*** Records provided ***

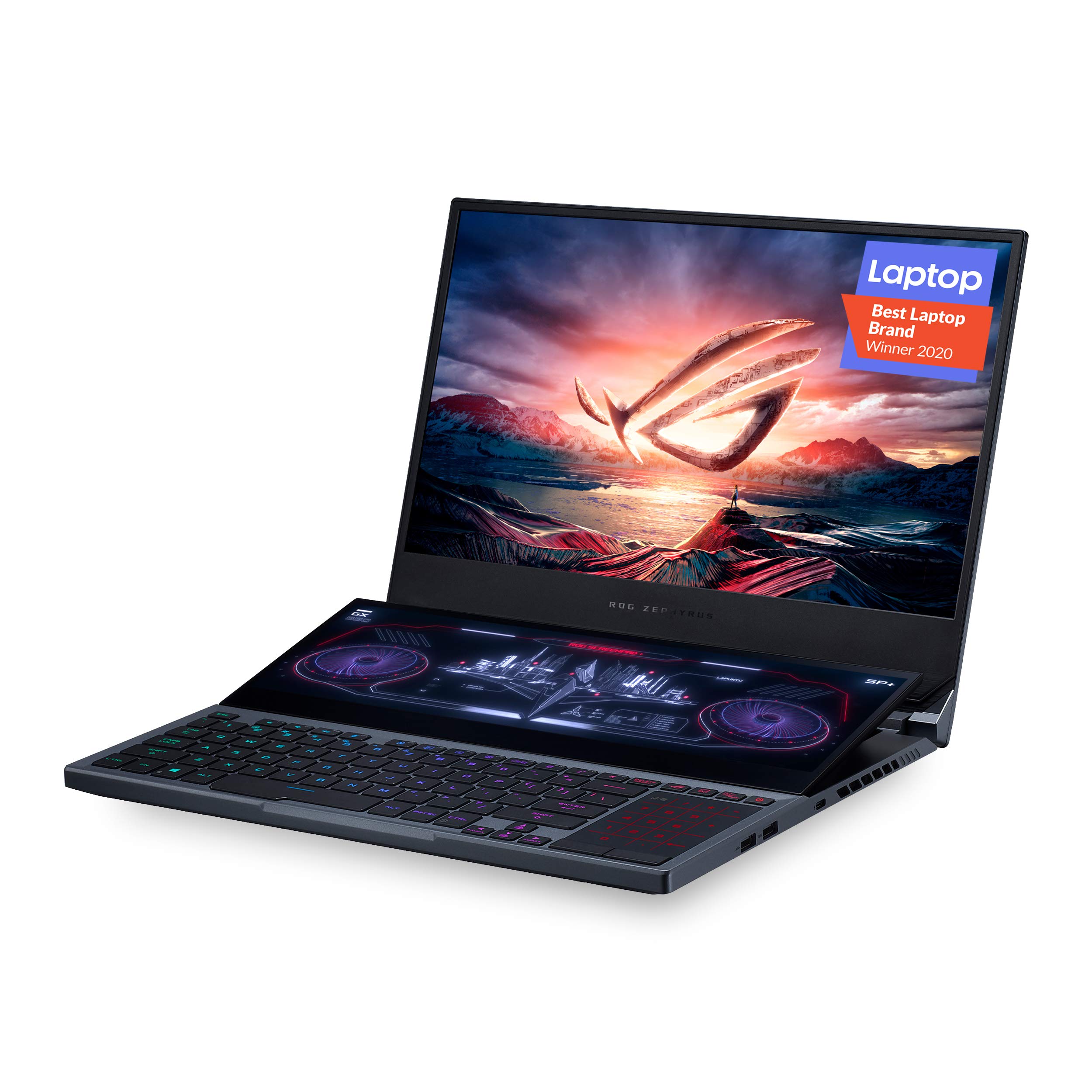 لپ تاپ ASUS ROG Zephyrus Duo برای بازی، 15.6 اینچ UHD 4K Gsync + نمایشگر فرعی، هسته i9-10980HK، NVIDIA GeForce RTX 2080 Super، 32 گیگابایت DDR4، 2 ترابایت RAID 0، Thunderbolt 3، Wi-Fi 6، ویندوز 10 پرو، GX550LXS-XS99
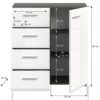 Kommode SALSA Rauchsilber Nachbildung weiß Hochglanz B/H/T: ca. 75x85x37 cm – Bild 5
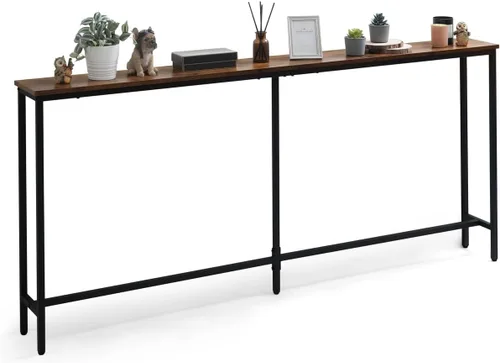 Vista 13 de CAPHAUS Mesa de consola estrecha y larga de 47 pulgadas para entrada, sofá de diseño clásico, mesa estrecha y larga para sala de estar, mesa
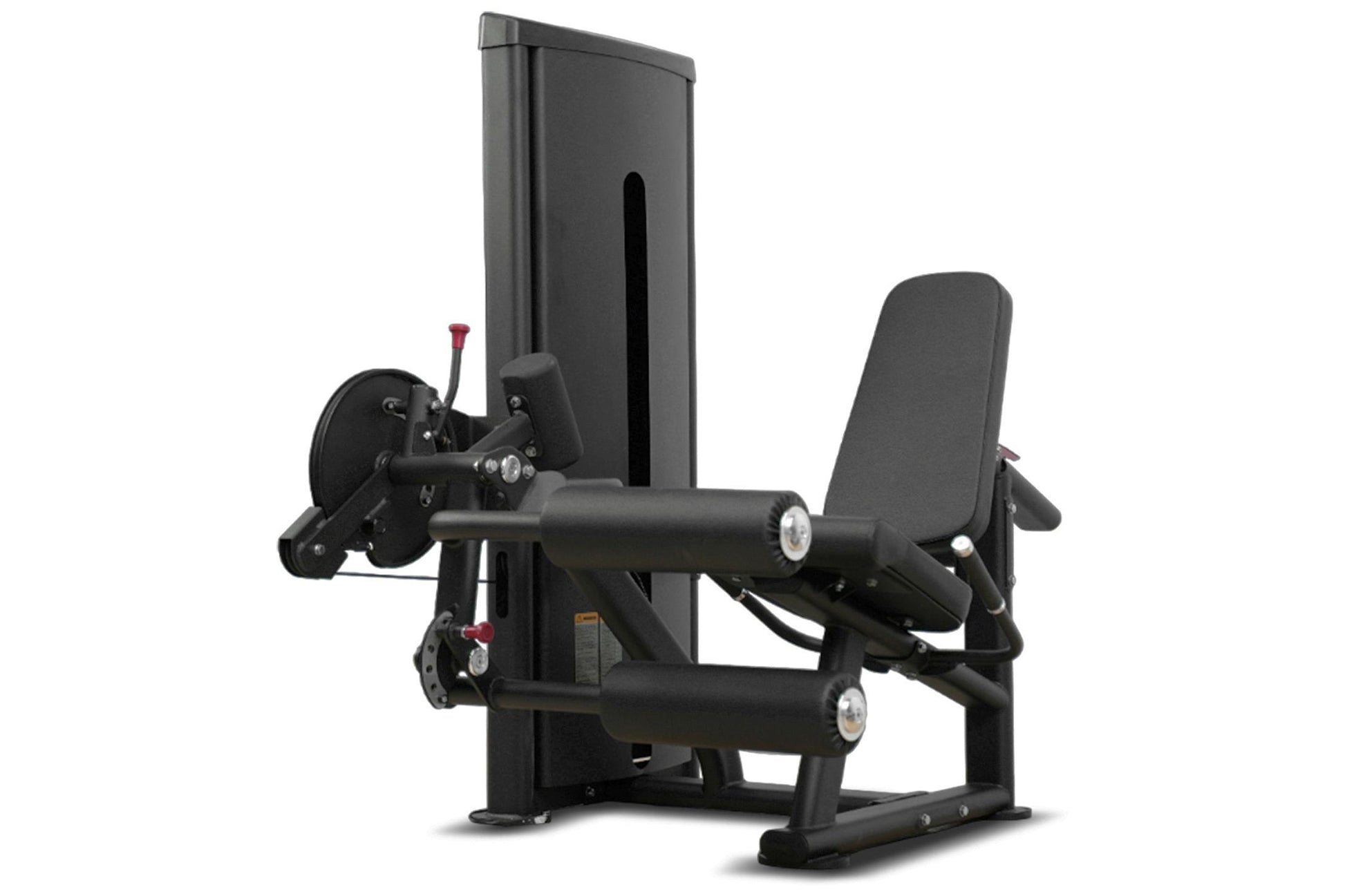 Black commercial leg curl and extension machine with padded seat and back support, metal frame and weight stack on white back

*** End of Records provided ***
*** Records provided ***

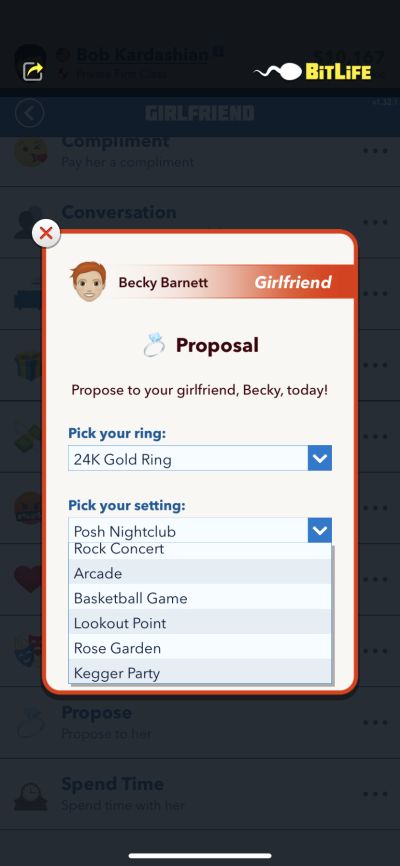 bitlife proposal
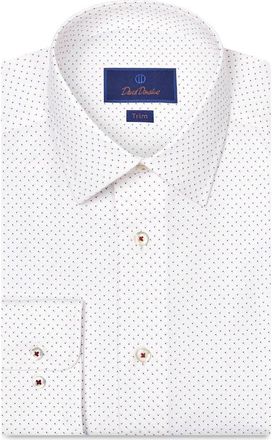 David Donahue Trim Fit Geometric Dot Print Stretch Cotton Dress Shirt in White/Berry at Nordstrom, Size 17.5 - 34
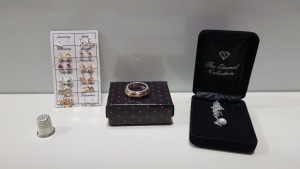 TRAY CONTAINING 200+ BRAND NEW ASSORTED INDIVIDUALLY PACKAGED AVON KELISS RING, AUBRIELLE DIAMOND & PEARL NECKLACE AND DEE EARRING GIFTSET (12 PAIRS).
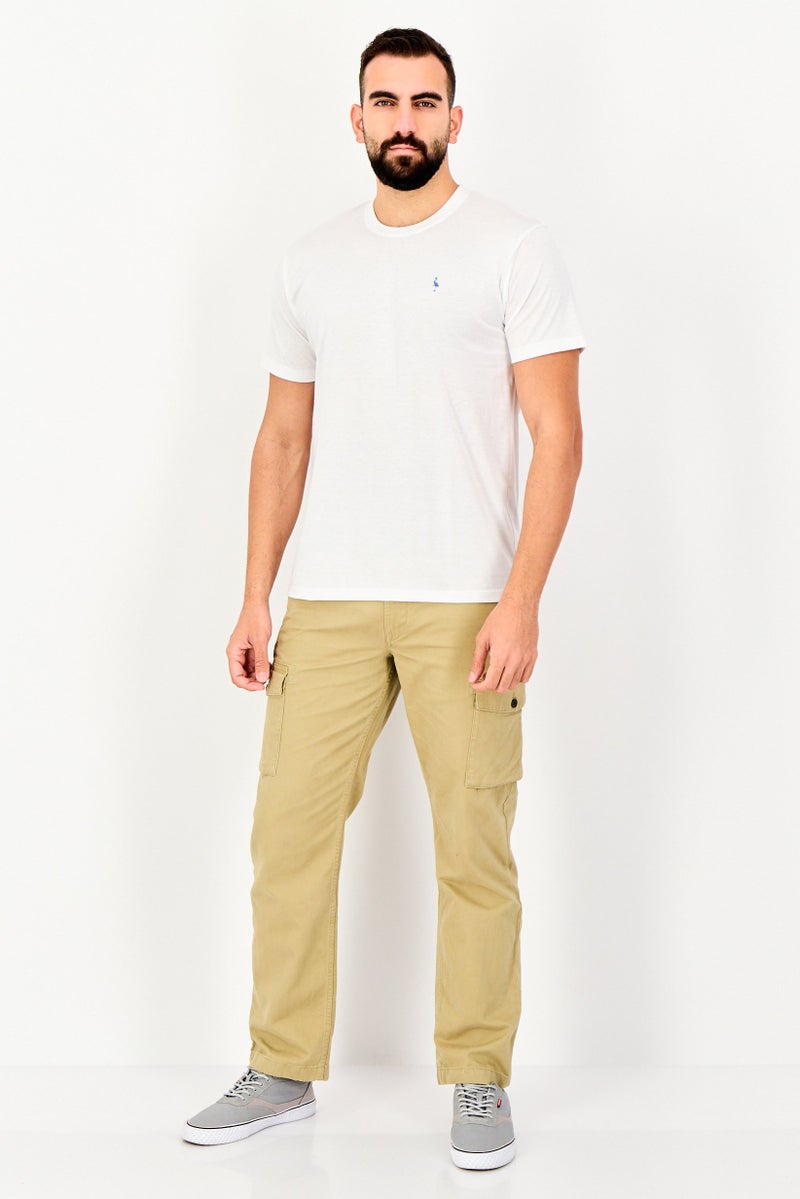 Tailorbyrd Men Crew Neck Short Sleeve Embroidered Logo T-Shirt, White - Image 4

*** End of Records provided ***

▶ [Problem description]
Print nothing but the lines above starting with the line that contains "bitlife proposal" and going on through the line that contains "Tailorbyrd Men Crew". Leave out the pictures.

▶ [Response for this exercise]
 bitlife proposal
 David Donahue Trim Fit Geometric Dot Print Stretch Cotton Dress Shirt in White/Berry at Nordstrom, Size 17.5 - 34
 TRAY CONTAINING 200+ BRAND NEW ASSORTED INDIVIDUALLY PACKAGED AVON KELISS RING, AUBRIELLE DIAMOND & PEARL NECKLACE AND DEE EARRING GIFTSET (12 PAIRS).
 Tailorbyrd Men Crew Neck Short Sleeve Embroidered Logo T-Shirt, White - Image 4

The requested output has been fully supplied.